I would like to clarify if the above statement is true.
Suppose $V$ is a finitely generated. Then every submodule of $V$ is a vector subspace of $V$ hence finitely generated so $V$ is Noetherian.
As for the Artinian portion: Suppose we have a sequence of decreasing submodules (i.e vector subspaces) $M_1\supset M_2 \supset....$, then $dim(M_1)\supset dim(M_2) \supset....$ is a decreasing sequence of non-negative integers so $\exists k$ such that $dim(M_k)=dim(M_{k+1})=...$ which implies that $M_k = M_{k+1}=...$.
Are the 2 proofs valid?
One other way to see it is to use the fact that over a Noetherian ring $R,$ an $R$-module $M$ is Noetherian if and only if it is finitely generated over $R,$ i.e., $M = R \langle m_1, \dots, m_n \rangle$ for some elements $m_i$ of $M.$ Likewise, if $R$ is Artinian, then we have that $M$ is Artinian if and only if it is finitely generated over $R.$
Claim.

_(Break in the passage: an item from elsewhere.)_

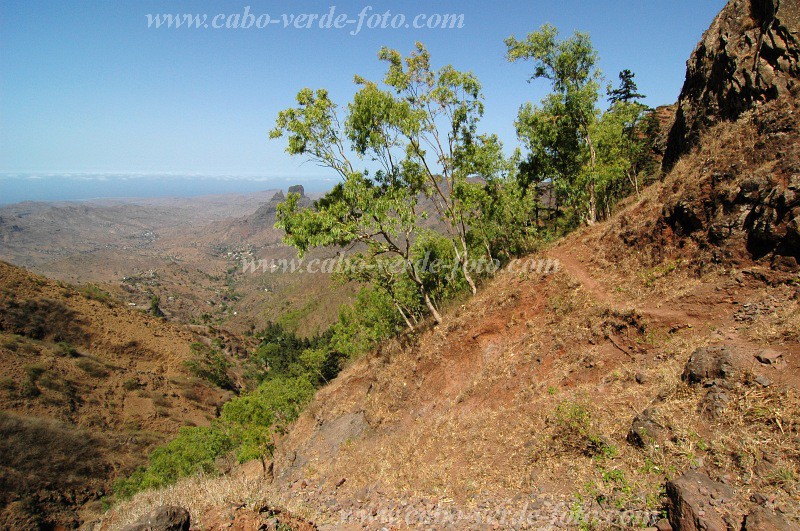 Insel: Santiago  Wanderweg:  Ort: Longueira Motiv: Wanderweg Motivgruppe: Landscape Mountain © Pitt Reitmaier www.Cabo-Verde-Foto.com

Every finite-dimensional vector space is Noetherian and Artinian.
Proof. Consider a finite-dimensional $k$-vector space $V.$ By hypothesis that $\dim_k V = n < \infty,$ there exist vectors $v_1, \dots, v_n$ in $V$ such that every vector $v$ in $V$ can be expressed as $v = a_1 v_1 + \cdots + a_n v_n$ for some elements $a_i$ in $k.$ We have therefore that $V = k \langle v_1, \dots, v_n \rangle$ so that $V$ is finitely generated over $k.$ Considering that $k$ is a field, it follows that $k$ is Noetherian and Artinian, hence $V$ is Noetherian and Artinian.